Que dire ? Pas grand chose. J’aide comme je peux, et ça passe d’abord par des livres, par des mots. Ça passe aussi par le soutien, le petit soutien, à des associations, comme j’avais donné pour l’Ukraine, aujourd’hui j’ai donné à une association écologiste, j’ai donné à Médecins sans Frontières pour Gaza et j’ai donné au RAAR, le Réseau d’Actions contre l’Antisémitisme et tous les Racismes. 

On se sent seul, même parmi les siens, ceux qui devraient être les nôtres. On espère un groupe, une communauté, mais ce n’est pas possible. Tout est tellement cassé partout, tout est tellement violent même dans notre camp.

Sans parler de prises de position et d’indignations à géométrie variables, il y a aussi cette ambiance de collège, de moqueries, de mépris, de gate-keeping dans les milieux militants qui détruit tout. La gauche, molle, radicale, est décevante et répète les mêmes erreurs, les mêmes mépris, les mêmes hiérarchies, les mêmes violences. Si être de gauche c’est avoir perpétuellement le coeur brisé par toutes les composantes de la gauche, alors il est temps de se réclamer d’une monstruosité qui nous soustrait à l’humanité, devenir vampire. Ça ne veut pas dire ne rien faire. Ça veut dire prendre soi, manier la magie, et comprendre l’impossibilité de notre position. Je n’en peux plus des gens normaux, à l’aise socialement, qui écrasent tout pour leur propre égo. Je veux des alliées inadaptées qui parfois se trompent mais avancent et sont là pour celleux qui prennent des coups. L’humanité est un crime contre l’humanité, c’est le cercle vicieux parfait. Alors nous agirons derrière les rideaux.
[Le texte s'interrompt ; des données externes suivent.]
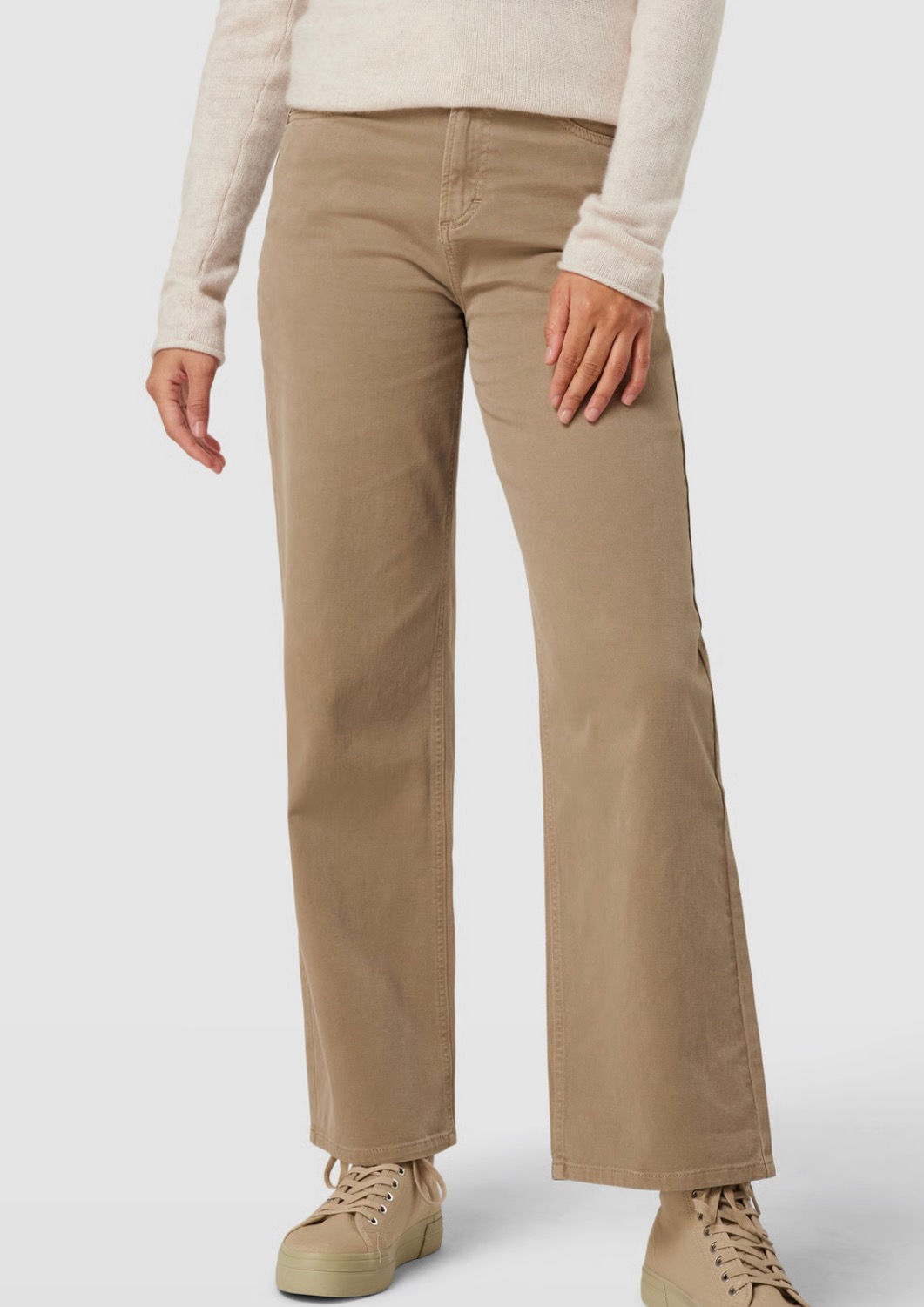 Eine Frau trägt hellbraune Hose in einem Studio vor weissem Hintergrund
Depuis quelques temps, je vois fleurir les livres sur littérature et politique, mais le choix des auteurs et autrices dit déjà quelque chose de politique, dit déjà le mépris et le classisme qui règne à gauche surtout dès qu’il s’agit d’art : pas d’auteurices jeunesse par exemple, pas de littérature populaire (on a bien construit l’idée mortelle qu’une littérature populaire est de piètre qualité), pas de bd, pas de romance, parce que ces auteurices sont méprisées et c’est éminemment politique. Et bien sûr que des maisons d’éditions tellement respectables. Le chic littéraire est un kitsch dont on se rendra compte dans 50 ans. Ce n’est pas étonnant. On sait bien nous, que ça se passe ailleurs, profondément. Se tenir à distance, car les mots et la critique ne peuvent rien entamer de ce marbre. Ce qui entame ce sont nos créations. Alors se taire et avancer. Je sais pourquoi les Français aiment tellement Thomas Bernhard : c’est pour éviter l’apparition d’un tel auteur dans leur propre pays, pour conjurer le risque d’une auteurice qui s’attaque à eux. 
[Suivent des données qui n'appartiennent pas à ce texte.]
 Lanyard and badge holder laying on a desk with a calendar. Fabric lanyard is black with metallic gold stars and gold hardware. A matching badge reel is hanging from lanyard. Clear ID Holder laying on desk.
Je me souviens de la violence que je voyais au collège à l’égard de mon ami Vincent. De la violence dans les hôpitaux à l’égard de mon père. Et ce sentiment de ne pas être entendu, pas compris, quand j’en parlais. Le prix à payer de l’ignorance des violences passées des êtres qui ne comptaient pas, c’est la violence qui devient une vague qui va faucher des multitudes. Tout ça, la catastrophe qui vient, est trop logique et très humaine. Il faudrait en finir avec cette idée d’humanité pour préserver et sauver les êtres humains.